AWS Database Blog
How Alight Solutions achieved 60% cost savings with Amazon ElastiCache for Valkey
This is a guest post by Vipin Garg, Technical Senior Consultant at Alight, in partnership with AWS.
Alight Solutions is a leading cloud-based human capital technology and services provider that has focused its operations on integrated benefits administration, healthcare navigation, and employee experience solutions. The company serves hundreds of enterprise customers globally across North America, Europe, and Asia-Pacific regions, with services that support millions of people worldwide.
Alight’s technology stack requires a high-performance storage layer for user session data and configuration details that enables rapid data retrieval immediately after user login—essential for delivering seamless user experiences across their human capital technology offerings. Previously, Alight relied on a self-hosted enterprise key-value store with around-the-clock vendor support. However, as part of their strategic evaluation of cloud-based managed services aimed at optimizing costs and enhancing performance, Alight determined that migrating to a fully managed solution would better align with their business goals and technical requirements. After comprehensive assessment, Alight selected Amazon ElastiCache as their managed caching solution, recognizing that it helps deliver the critical capabilities required for their use case: sub-millisecond latency, automatic resource scaling, reduced operational overhead through managed service capabilities, AWS environment integration, and robust support for high-throughput workloads.

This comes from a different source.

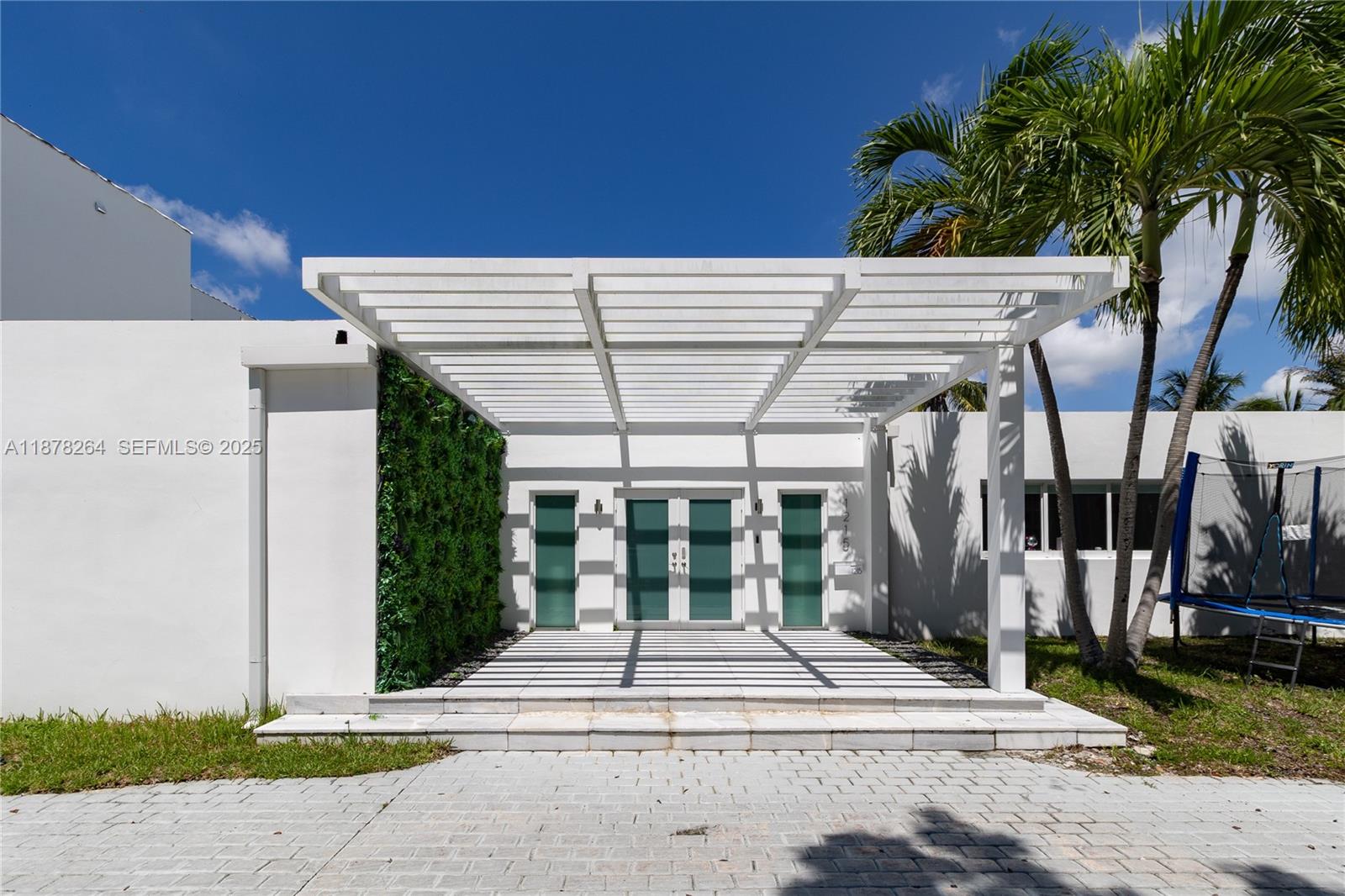 1215 North Biscayne Point Road Miami Beach, FL 33141 - Photo 3 of 54 a view of a patio with a table and chairs under an umbrella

In this post, we share how Alight Solutions transformed their caching infrastructure using ElastiCache while maintaining strict performance requirements, achieving over 60% cost reduction, 70-80% reduction in operational overhead, migration of gigabytes of data with sub-0.5 millisecond performance for millions of users, and a 99.99% reduction in incident rate.

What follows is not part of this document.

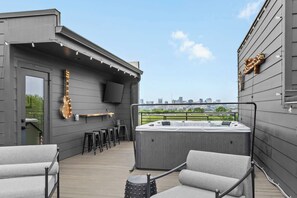 A rooftop terrace with a hot tub, seating area, and a city view. - Rooftop Oasis - Hot Tub, Nashville City Views (Nashville)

Challenges with scaling constraints and rising costs
Although their enterprise solution met their sub-0.5 millisecond latency goal, it came with substantial operational overhead and cost challenges that resulted in inefficient resource utilization and unnecessarily high infrastructure costs.
Alight’s legacy enterprise key-value store infrastructure presented complex technical and operational challenges that needed immediate attention. Their solution required stringent performance benchmarks, specifically sub-0.5 millisecond latency for both reads and writes, while handling a dynamic workload that fluctuated between 55,000 operations per second during non-peak times to 150,000-200,000 operations per second during peak utilization periods. The self-hosted infrastructure posed significant operational hurdles, requiring continuous manual efforts for operating system (OS) patching, installations, and scaling operations, which demanded 200 work hours per year of dedicated engineering time. Additionally, the fixed shard-based licensing model created constraints in their ability to optimize resources effectively.
The most significant challenge was the cost implications of their existing setup. The fixed shard-based licensing model forced them to over-provision resources to handle peak periods, but they couldn’t scale down during non-peak times due to licensing constraints. Faced with these constraints and challenges, Alight Solutions sought a more efficient, scalable, and cost-effective solution to meet their performance requirements without the operational burden. This led Alight to explore transformative alternatives, culminating in a strategic partnership with AWS.
Solution Overview
Alight partnered with AWS to design a modern, cloud-based caching solution that would address their challenges while positioning them for future growth.
The decision to choose ElastiCache was driven by several compelling factors:
- Managed service benefits that would alleviate infrastructure management overhead
- Reduction of licensing complexities and associated fixed costs of traditional caching solutions
- Serverless options for automatic scaling and cost savings through pay-as-you-go pricing
- Dynamic scaling capabilities to scale resources based on actual demand
- Proven performance capabilities to meet their sub-millisecond latency requirements and high throughput demands
A critical decision in Alight’s migration was selecting ElastiCache for Valkey as their caching engine. The multithreaded and asynchronous architecture of Valkey significantly boosted throughput while reducing latency, perfectly aligning with Alight’s sub-0.5 millisecond performance goals. From a cost perspective, Valkey delivered comparable or better performance than their enterprise solution at 60% lower price point, contributing to the overall cost savings. Ongoing investments from AWS and active research in Valkey demonstrated a strong commitment to continuous enhancement, making it a strategic long-term choice.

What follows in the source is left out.